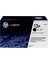 Q2613A 13A Siyah Toner 1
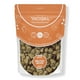 thumbnail image 2 of Avellana Europea Tostada 5KG, 2 of 2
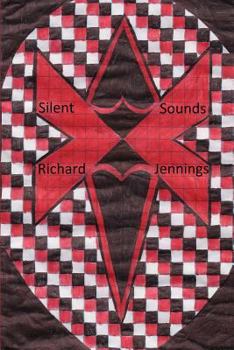Paperback Silent Sounds Book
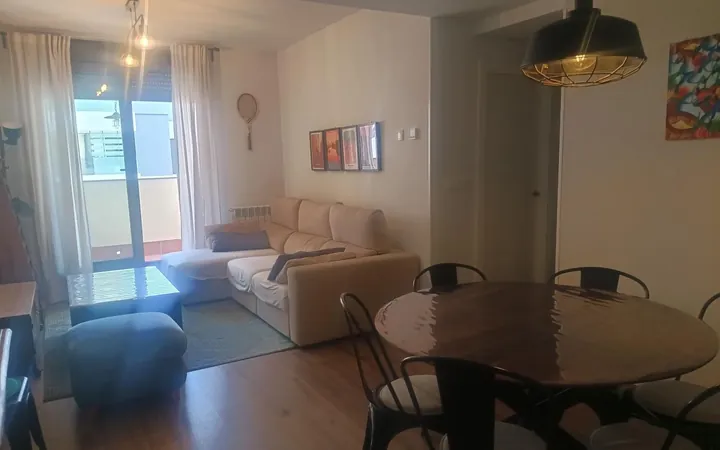 Piso en El Cañaveral, El Cañaveral - Foto 48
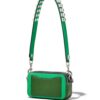 18704512_41033924_1000.jpg Marc Jacobs The Snapshot camera bag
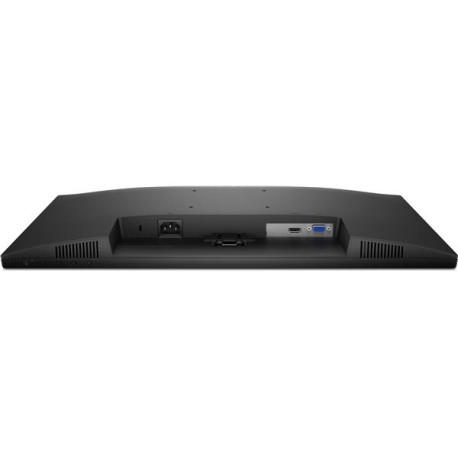 Dell Technologies SE2425HM
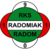 Радомиак Радом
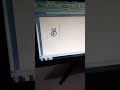 Make victory   signature symbol in ms word shortmswordtricks computertricks newshorts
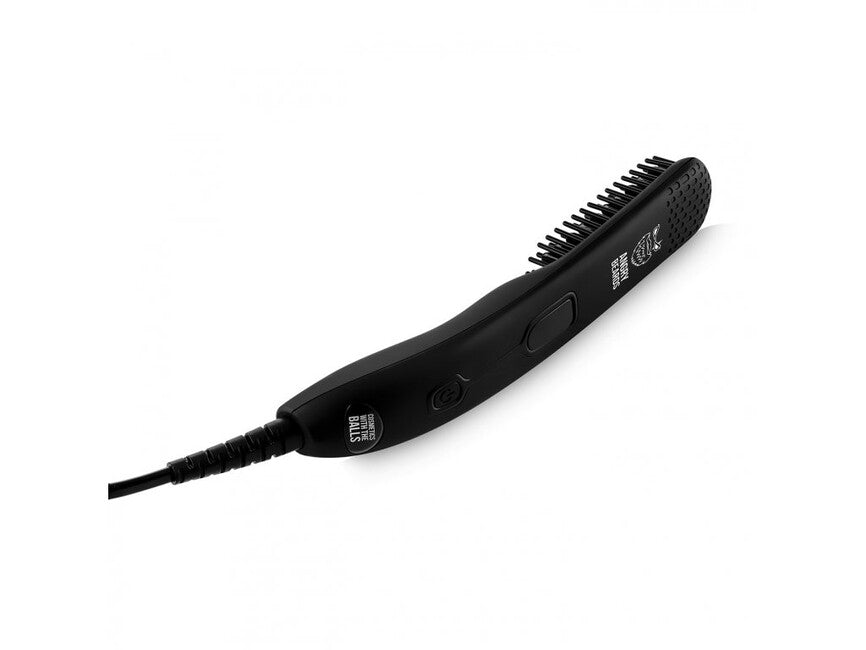 ANGRY BEARDS Straightener 2.0 glajilnik za brk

########

» The task
Only an exact copy of the lines from the one with "Dell Technologies SE2425HM" through the last line of the data above is wanted, and no pictures.

» Solution to this task
 Dell Technologies SE2425HM
 Радомиак Радом
 Make victory   signature symbol in ms word shortmswordtricks computertricks newshorts
 ANGRY BEARDS Straightener 2.0 glajilnik za brk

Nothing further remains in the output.